Shaw restructured through acquisitions and sales as well. In 1977, the company acquired the Magee Carpet Company's tufted residential and commercial carpeting operations and sold its own finishing facilities in California. At the end of that fiscal year, it sold its Philadelphia, Pennsylvania carpet-weaving facility to Pennsylvania Carpet Mills, Inc. Neither holding fit into the company's long-range plans, Senior Vice-President for Operations W. Norris Little wrote in a letter to the stockholders, and the two sales "allowed us to concentrate our efforts more fully on our Dalton and Cartersville carpet operations," referring to the company's two major centers of production in Georgia.
Over the next few years, the company continued to consolidate as well as grow in the face of fluctuations in the larger economy which affected the price and availability of raw materials as well as the market for new carpeting. In an industry commonly regarded as cyclical, with its dependence on economic fluctuations and even less controllable factors such as the effect of bad weather on the construction business, the company continued to stay one step ahead.
The next pivotal point in the company's trend toward consolidation came in 1982 at the nadir of the most recent industry cycle. CEO Robert Shaw decided to eliminate the middleman--in the person of outside carpeting distributors--from its sales structure. The company added eight regional warehouses to its original two and expanded its sales force, taking the further gamble of putting the salespeople on salary rather than compensating them through straight commission. In 1982, according to the Atlanta Journal, 55 percent of the company's sales were to national or overseas distributors, while 45 percent went directly to retailers. Three years later retailers accounted for 80 percent of sales. In the intervening years, Shaw had become the largest carpet manufacturer in the nation. At the end of 1985, Shaw was the first company ever to sell more than $500 million worth of carpet in the United States in a single year, and that figure was more than double the company's 1982 sales.

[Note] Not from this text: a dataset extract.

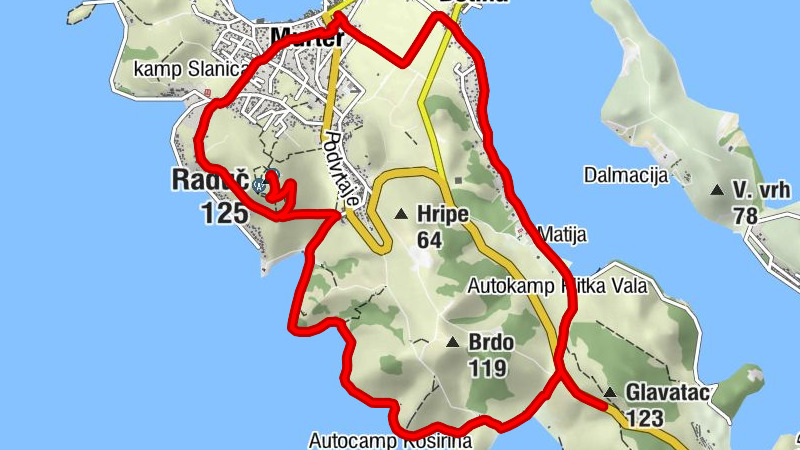 Mapa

In the decade that followed, Shaw's transition to direct sales would be seen as pivotal to its move to world leader. With the benefit of hindsight, analysts could see the change in strategy in more abstract terms. Fortune contributor Brian O'Reilly wrote in 1993 that, at that time, "Shaw ... accepted an unpleasant truth about his industry: Carpets are a commodity." That is to say, brand loyalty and brand-name recognition are practically nonexistent in the industry and price had become the major concern of consumers. Apparently this truth, like so many others, came as no surprise to Robert Shaw, who was called "our Iacocca" by one industry observer. Shaw told the Atlanta Journal: "we're not really concerned with the normal cycles in the carpet industry because we're in better control of our marketing strategy through the number of customer accounts we have.... We're turning over the inventory at the same rate--even though the regional distribution system is larger. The risk factor you face is running your inventory out of control, whether it's in one place or 12."
In the next few years, Shaw Industries continued to grow, expanding its yarn-spinning capacity to meet the increased demand of its own tufting operations. In 1984, it acquired the spinning facilities of Avondale Mills in Stevenson, Alabama. In 1986, the company followed up by acquiring the spinning facilities of the Candlewick division of Dixie Yarns, Inc., also of Dalton.

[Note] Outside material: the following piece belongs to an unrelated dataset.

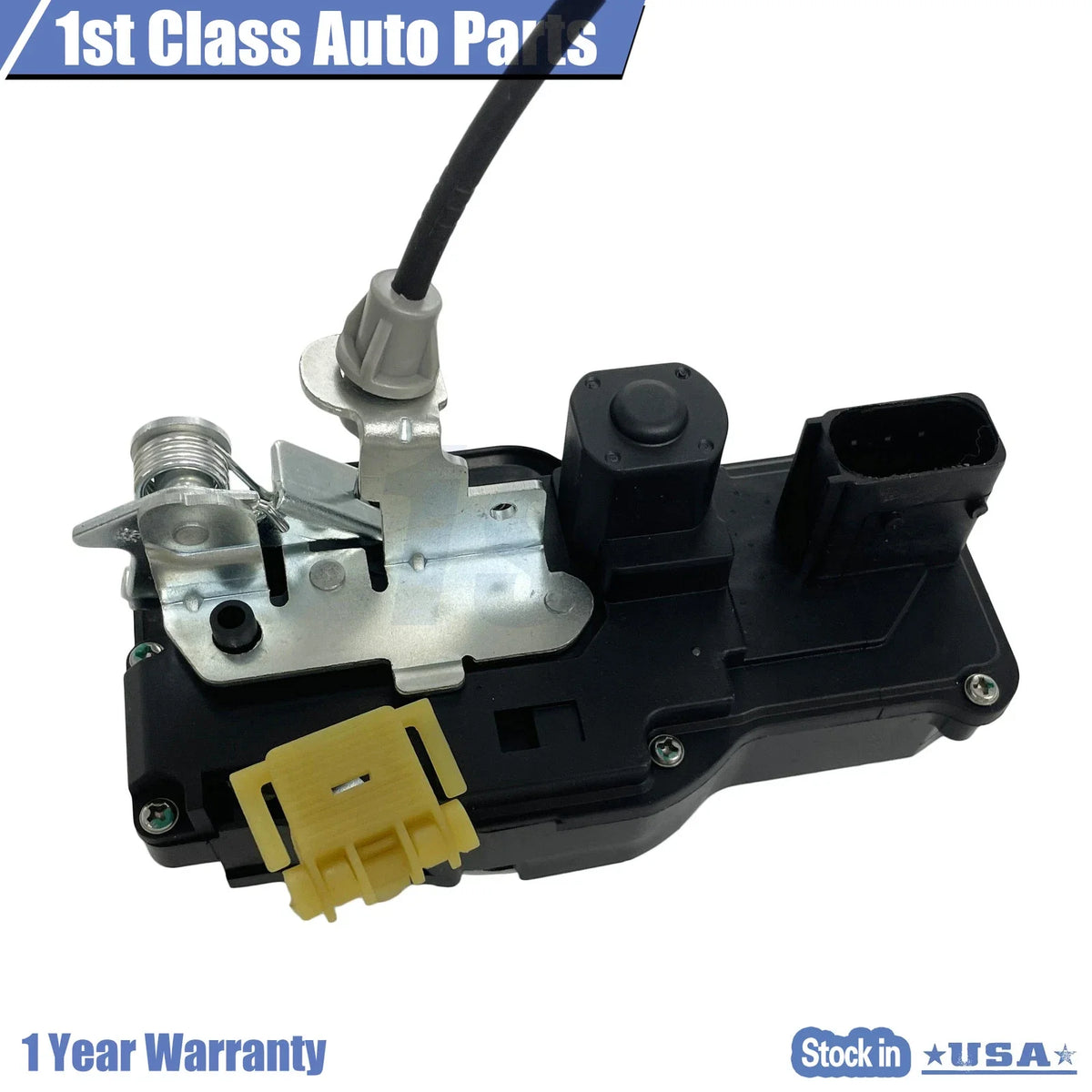 Door Lock Latch Actuator for Cadillac CTS (2008–2014) 19210210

Shaw Industries' ownership of facilities at all levels of carpet production is common within the industry, according to a 1986 article in Barron's. The practice is known as "vertical integration," and Shaw is one of the best integrated in the business. "The carpet business ... is affected significantly by trends in fashion, principally color. Many variations in style of tufted carpet are created by the various ways color is applied through dyeing or printing. Shaw's dyeing facilities rate is among the most modern and versatile in the industry," noted Barron's. That versatility came in handy in the fall of 1986, according to Forbes magazine, when the Du Pont and Monsanto companies "turned carpet retailing on its head with the first genuine technological innovation in carpet fibers in five years." That innovation, as most consumers know by now, was the stain resistant fiber most carpets are sold with today. The breakthrough may have thrown the whole industry for a loop, but Shaw Industries was able to respond quickly, purging its outdated stock and changing over its machinery.
In late 1987, Shaw Industries became the world's largest carpet maker by purchasing the carpet business of West Point-Pepperell of West Point, Georgia, the fourth-largest producer in the country. According to the Atlanta Journal, West Point's sales and profits had been hurt by its slow transition to stain-resistant technology and its inability to produce sufficient yarn for the company's own needs. Those, of course, were two areas in which Shaw Industries particularly excelled, especially since it acquired an additional yarn-spinning plant in Thompson, Georgia, earlier the same year. West Point then produced Cabin Crafts carpeting, a well-established brand which had been around since 1932.
With the acquisition of West Point, Shaw's revenues topped $1.2 billion, double its nearest competitor, Burlington Industries. The deal, according to Forbes, bolstered Shaw in three relatively weak areas of its business: luxury high-pile carpets, durable commercial carpets, and pricier wool carpets. From 1981 to 1988, Shaw's sales had increased fivefold, and income more than tripled. "We just keep adding the zeros," Chief Executive Robert Shaw told Forbes.
In December 1989, Shaw acquired the property, plant, equipment, inventories and businesses of the carpet divisions of the Lancaster, Pennsylvania-based Armstrong World Industries, Inc. Armstrong's carpet business was then the fifth-largest in the country, and its acquisition increased Shaw's share of the domestic market from approximately 14 to 18 percent. The deal included manufacturing plants in Georgia, North Carolina, Tennessee, and Virginia and was viewed by observers as a coup for Shaw.
The company continued to grow through the end of the decade and into the early 1990s. In 1989, the company held 22 percent of the domestic market, sales of $1.2 billion and a 41 percent increase in earnings from the year before. In 1990 an industry analyst told the Atlanta Journal, "They're in control of their future and I'm not sure if the people they are competing with can say that." And that control, the company has shown, comes largely from its willingness to put profits back into the company toward the continual updating of equipment. For this reason, Fortune estimated, Shaw pays ten percent less for supplies than its competitors, further increasing its edge.
In May of 1992, the company acquired Salem Carpet Mills, Inc., the second-largest publicly held carpet maker, through a merger agreement. According to the company, that move significantly enhanced the company's position in the residential marketplace by adding the Salem and Sutton labels, both well respected in the industry, to their arsenal. During the same year, the company also expanded its commercial product offerings, and its seven-year-old modular tile business, Networx, continued to grow in a difficult market. In July of the same year, the company acquired the polypropylene carpet fiber manufacturing facilities in Andalusia, Alabama and Bainbridge, Georgia from Amoco Fabrics and Fibers Company.
In the early 1990s, the company began to turn more of its attention to international markets. During 1992, the company opened a full-service distribution center in Preston, England to serve its U.K. and European markets. In March of 1993, the company acquired the English company Kosset Carpets, Ltd. of Bradford, England. The largest single-site manufacturer of carpeting in the United Kingdom, it is the producer of the well-known brands Kosset and Crossley. Into 1993, Shaw Industries showed no sign of losing its grip on its dominant market position. As the editor of Carpet and Rug Industry Magazine told the Atlanta Journal in 1990: "I can easily see Shaw reaching 40 percent [of the market] by 1995. It's the class act in the industry right now."